The system of monopolies for army officers was handed down as an inheritance to the younger Assad who, unlike his father, was already born into the rich and ruling elite. His cousin, Rami Makhlouf, holds a huge slice of the oil, gas and tourism industries. But not only family members and heads of the Alawite community enjoyed, and still enjoy, the proximity to the rulers. It is enough to mention the former defense minister, Moustafa Tlass, or the chief of staff, Hikmat Shihabi, both Sunni Muslims, whose families still enjoy franchises that bring in huge sums. One of Tlass’ sons, for example, is Syria’s “sugar tycoon.” Another owns a chain of hotels, one of them in the town of Hama where Assad’s troops killed thousands of civilians in 1982.

Assad’s attractive wife, Asma, is also a Sunni and belongs to Syria’s economic elite through the family of her father, Fuaz Ahras. Many friends of Bashar Assad also enjoy a generous standard of living as a result of import licenses granted to them by the president and his aides. Some of them are known as “the five percent people” on account of the cut they take for deals which they arrange for foreign investors with the regime.

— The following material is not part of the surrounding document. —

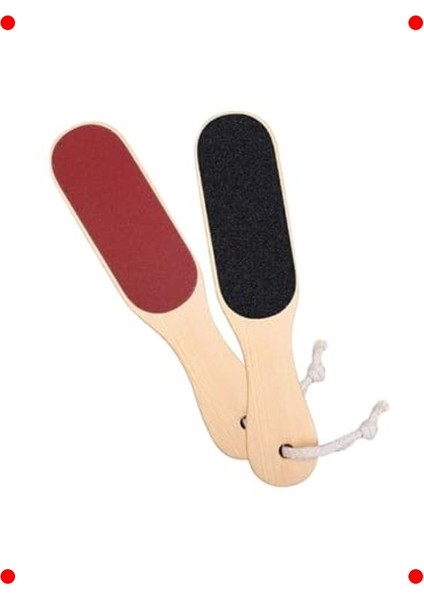 Ahşap Çift Taraflı Suya Dayanıklı Ayak Törpüsü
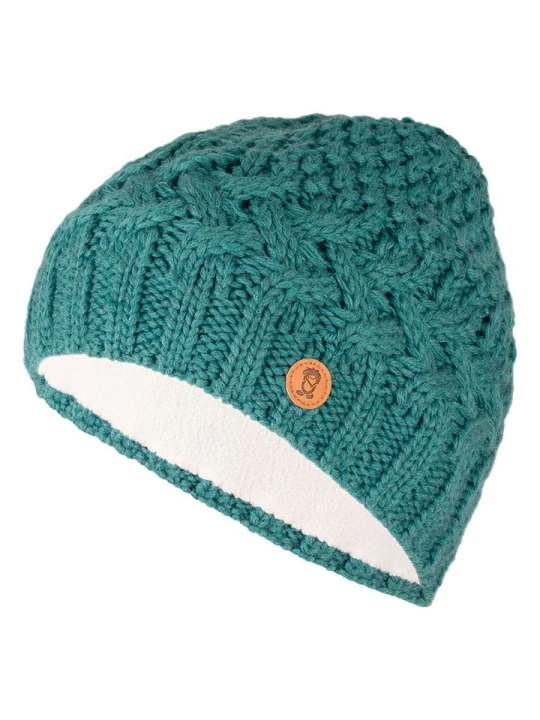 Zdjęcie produktu Trollkids Czapka beanie "Rauland" w kolorze turkusowym rozmiar: 48-52 cm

It would therefore be inaccurate to state that the struggle in Syria is between the Alawites and the Sunnis, between the minority that represents 12 percent of the population of 21 million Syrian citizens, and the Sunni majority that is oppressed and poverty stricken. Among the Alawite tribes there are also many who wish to see Assad and his regime toppled. In March, even before the mass protests began, the heads of four large Alawite clans published a manifesto in which they disavowed themselves of the Assad regime and of “all connections that were forcibly imposed on us during the period of President Hafez and his son, Bashar.” Heads of large Alawite clans made it clear to representatives of the government that they would not agree to another massacre of the kind that took place in Hama in 1982.

The chasm with the Sunni population is naturally even wider. Assad, the son, had to pull Tlass out of the storeroom and send him to his birthplace, Homs, in order to calm the citizens. Tlass went there last week with a group of senior Syrian security officers to hear the complaints of the citizens against the regime. In the good old days, these citizens would have been charged in court or would have disappeared in the dungeons of a prison, but Tlass was now seen making copious notes of their complaints and ensuring them that he would raise them with the president.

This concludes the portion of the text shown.